Since Sunday, Military Police and provincial police officials have been stopping outsiders from entering Sesan district’s Srekor and Kbal Romea villages as 200 people – mostly ethnic minorities from all over Cambodia – continued to gather in defiance of the blockade for a series of events, including a press conference, traditional prayers and the construction of floating homes for locals.
With their predominantly Lao and Phnong populations, the villages have become emblematic of the struggle to secure ethnic minority rights in the face of economic development.
Yesterday morning, representatives of the UN Office of the High Commissioner for Human rights were among the latest to encounter the police blockade. “This morning a monitoring team from the UN Human Rights Office was not authorized to access to Srekor and Kbal Romea villages in Stung Treng for security reasons,” wrote UN Human Rights Office in Asia spokesman Jeremy Laurence in an email.
“The local police informed them and all others who wanted to access the area that it was too dangerous considering the accelerated increase in the water level due to the ongoing heavy rains combined with the closed dam gates.”

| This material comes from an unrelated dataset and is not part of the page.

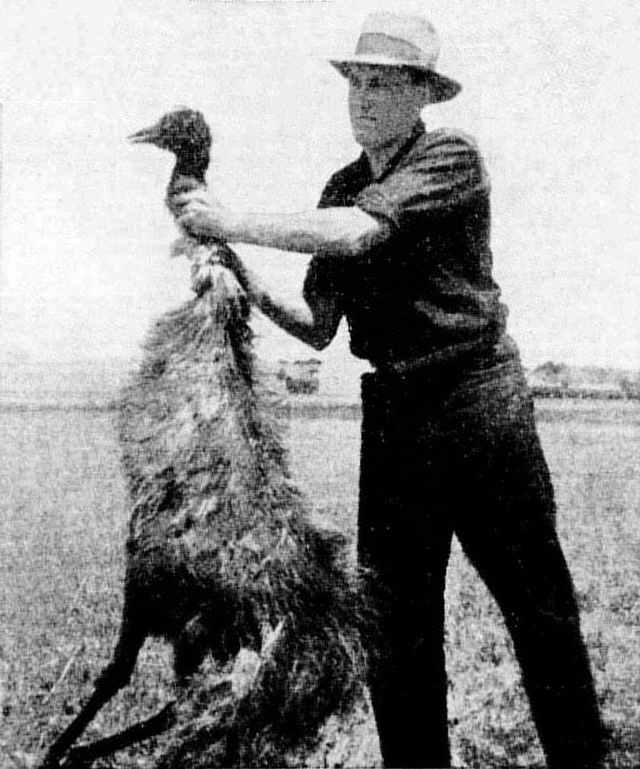 Ausztrál katona egy lelőtt állattal az emuháború idején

The provincial government has said that ensuring security is the blockade’s only purpose.
“If an accident happens, who is going to take the responsibility?” asked Stung Treng provincial Deputy Governor Duong Pov.
Pov went on to say he didn’t know the UN representatives had been denied passage and said that they should have notified the provincial court of their intentions so that the authorities could escort them.

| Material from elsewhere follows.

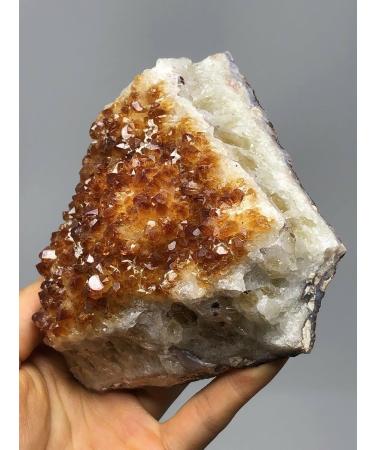 1PC 1PC Natural RAW Citrine Quartz Yellow Quartz Standard Room Decoration (Size : 50-100g) (Size : 1 Count (Pack of 1)) - Buy Online on GoSupps.com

Kbal Romea community representative Dam Samnang said blocking UN officials fits into a larger pattern of “restriction of the people’s rights of travel and freedom of assembly”.
Provincial authorities issued a warning on Monday that Srekor village would flood on Friday and advised the 120 families still living in the village to leave.
Nonetheless, Srekor representative Fut Khoeun said he was unconcerned.
“We are used to floods,” Khoeun said. “[Presently] the water just reaches the riverbank. If the village is flooded, the water will not climb higher than the rooftops and we do not need to move out.”